Pépé l’imita. Au sortir de l’église, Pépé remarqua que Fabrice donnait une pièce de vingt francs au premier pauvre qui lui demanda l’aumône; ce mendiant jeta des cris de reconnaissance qui attirèrent sur les pas de l’être charitable les nuées de pauvres de tout genre qui ornent d’ordinaire la place de Saint-Pétrone. Tous voulaient avoir leur part du napoléon. Les femmes, désespérant de pénétrer dans la mêlée qui l’entourait, fondirent sur Fabrice, lui criant s’il n’était pas vrai qu’il avait voulu donner son napoléon pour être divisé parmi tous les pauvres du bon Dieu. Pépé, brandissant sa canne à pomme d’or, leur ordonna de laisser Son Excellence tranquille.

– Ah! Excellence, reprirent toutes ces femmes d’une voix plus perçante, donnez aussi un napoléon d’or pour les pauvres femmes! Fabrice doubla le pas, les femmes le suivirent en criant, et beaucoup de pauvres mâles, accourant par toutes les rues, firent comme une sorte de petite sédition. Toute cette foule horriblement sale et énergique criait:

– Excellence.

Fabrice eut beaucoup de peine à se délivrer de la cohue; cette scène rappela son imagination sur la terre. «Je n’ai que ce que je mérite, se dit-il, je me suis frotté à la canaille.»

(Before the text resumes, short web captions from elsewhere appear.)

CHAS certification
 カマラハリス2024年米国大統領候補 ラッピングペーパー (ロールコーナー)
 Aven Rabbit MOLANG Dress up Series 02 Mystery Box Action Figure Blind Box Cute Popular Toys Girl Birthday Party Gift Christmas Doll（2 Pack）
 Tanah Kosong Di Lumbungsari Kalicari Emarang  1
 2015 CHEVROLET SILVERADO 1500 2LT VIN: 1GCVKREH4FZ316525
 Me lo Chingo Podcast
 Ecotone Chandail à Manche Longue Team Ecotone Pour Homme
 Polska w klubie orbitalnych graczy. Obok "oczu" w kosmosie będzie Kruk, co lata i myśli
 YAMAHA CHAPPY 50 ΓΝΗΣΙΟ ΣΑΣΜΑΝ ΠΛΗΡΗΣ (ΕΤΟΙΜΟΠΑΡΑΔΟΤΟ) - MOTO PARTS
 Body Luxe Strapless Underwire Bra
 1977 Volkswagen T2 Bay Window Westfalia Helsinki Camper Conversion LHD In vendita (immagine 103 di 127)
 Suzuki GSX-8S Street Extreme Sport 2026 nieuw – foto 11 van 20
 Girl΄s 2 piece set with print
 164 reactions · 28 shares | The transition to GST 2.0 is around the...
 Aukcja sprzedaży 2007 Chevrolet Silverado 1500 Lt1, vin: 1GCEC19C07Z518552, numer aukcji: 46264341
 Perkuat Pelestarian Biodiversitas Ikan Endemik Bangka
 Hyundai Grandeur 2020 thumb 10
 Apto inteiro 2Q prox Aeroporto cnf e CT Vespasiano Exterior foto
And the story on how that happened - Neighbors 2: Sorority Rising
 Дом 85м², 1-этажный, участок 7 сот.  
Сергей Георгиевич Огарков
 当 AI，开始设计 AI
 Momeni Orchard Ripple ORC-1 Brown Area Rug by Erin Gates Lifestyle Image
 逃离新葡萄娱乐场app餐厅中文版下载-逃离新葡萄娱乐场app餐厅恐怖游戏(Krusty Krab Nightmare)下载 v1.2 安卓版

Deux femmes le suivirent jusqu’à la porte de Saragosse par laquelle il sortait de la ville; Pépé les arrêta en les menaçant sérieusement de sa canne, et leur jetant quelque monnaie. Fabrice monta la charmante colline de San Michele in Bosco, fit le tour d’une partie de la ville en dehors des murs, prit un sentier, arriva à cinq cents pas sur la route de Florence, puis rentra dans Bologne et remit gravement au commis de la police un passeport où son signalement était noté d’une façon fort exacte. Ce passeport le nommait Joseph Bossi, étudiant en théologie. Fabrice y remarqua une petite tache d’encre rouge jetée, comme par hasard, au bas de la feuille vers l’angle droit. Deux heures plus tard il eut un espion à ses trousses, à cause du titre d’Excellence que son compagnon lui avait donné devant les pauvres de Saint-Pétrone, quoique son passeport ne portât aucun des titres qui donnent à un homme le droit de se faire appeler excellence par ses domestiques.